| This glosses over a fundamental scaling problem that undermines the entire argument. The author's main example is Claude Code searching through local codebases with grep and ripgrep, then extrapolates this to claim RAG is dead for all document retrieval. That's a massive logical leap. Grep works great when you have thousands of files on a local filesystem that you can scan in milliseconds. But most enterprise RAG use cases involve millions of documents across distributed systems. Even with 2M token context windows, you can't fit an entire enterprise knowledge base into context. The author acknowledges this briefly ("might still use hybrid search") but then continues arguing RAG is obsolete. The bigger issue is semantic understanding. Grep does exact keyword matching. If a user searches for "revenue growth drivers" and the document discusses "factors contributing to increased sales," grep returns nothing. This is the vocabulary mismatch problem that embeddings actually solve. The author spent half the article complaining about RAG's limitations with this exact scenario (his $5.1B litigation example), then proposes grep as the solution, which would perform even worse. Also, the claim that "agentic search" replaces RAG is misleading. Recent research shows agentic RAG systems embed agents INTO the RAG pipeline to improve retrieval, they don't replace chunking and embeddings. LlamaIndex's "agentic retrieval" still uses vector databases and hybrid search, just with smarter routing. Context windows are impressive, but they're not magic. The article reads like someone who solved a specific problem (code search) and declared victory over a much broader domain. |
A great many pundits don't get, that RAG means: "a technique that enables large language models (LLMs) to retrieve and incorporate new information"

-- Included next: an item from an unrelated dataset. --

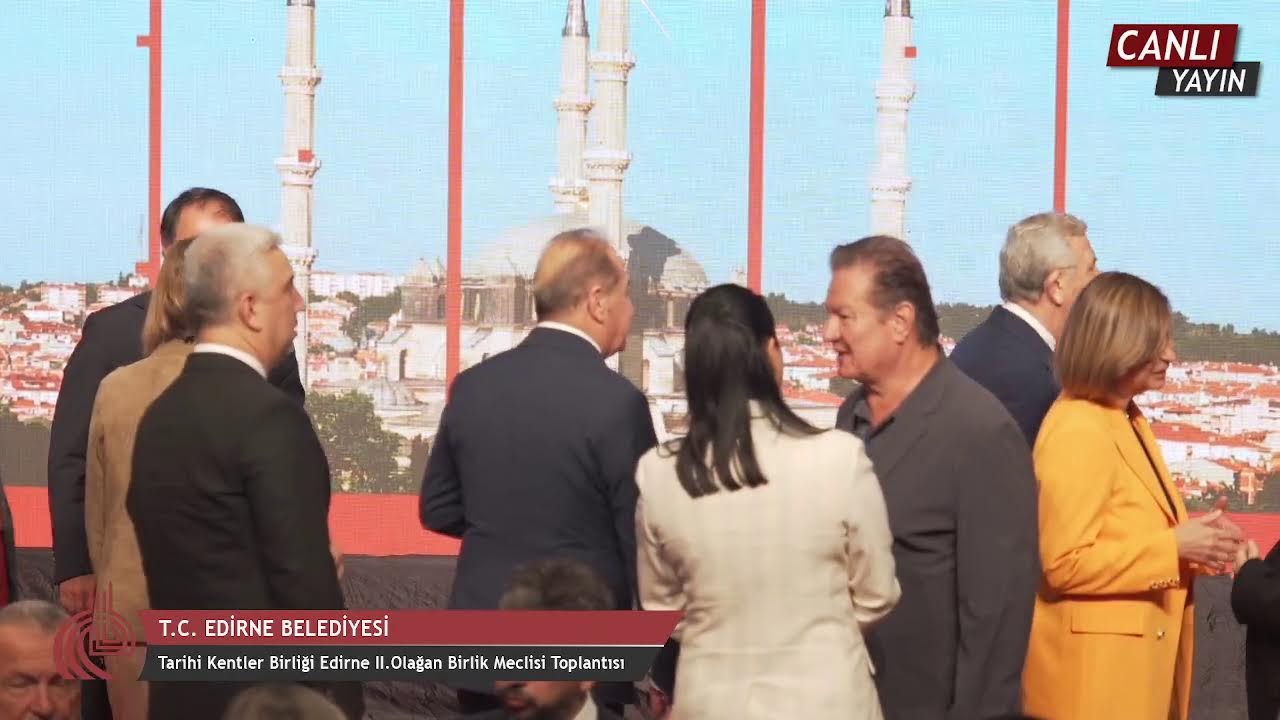 Tarihi Kentler Birliği Edirne II. Olağan Birlik Meclisi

So, RAG is a pattern that is as a principle applied to almost every process. Context windows? Ok, I won't get into all the nitty gritty details here (embedded, small storage device, security, RAM defects, cost and storage of contexts for different contexts etc.), just a hint, that the act of filling a context is what? Applied RAG.
RAG is not a architecture, it is a principle. A structured approach. There is a reason, why nowadays many refer to RAG as search engine.
All we know about knowledge, there is only one entity with a infinite context window. We still call it God not cloud.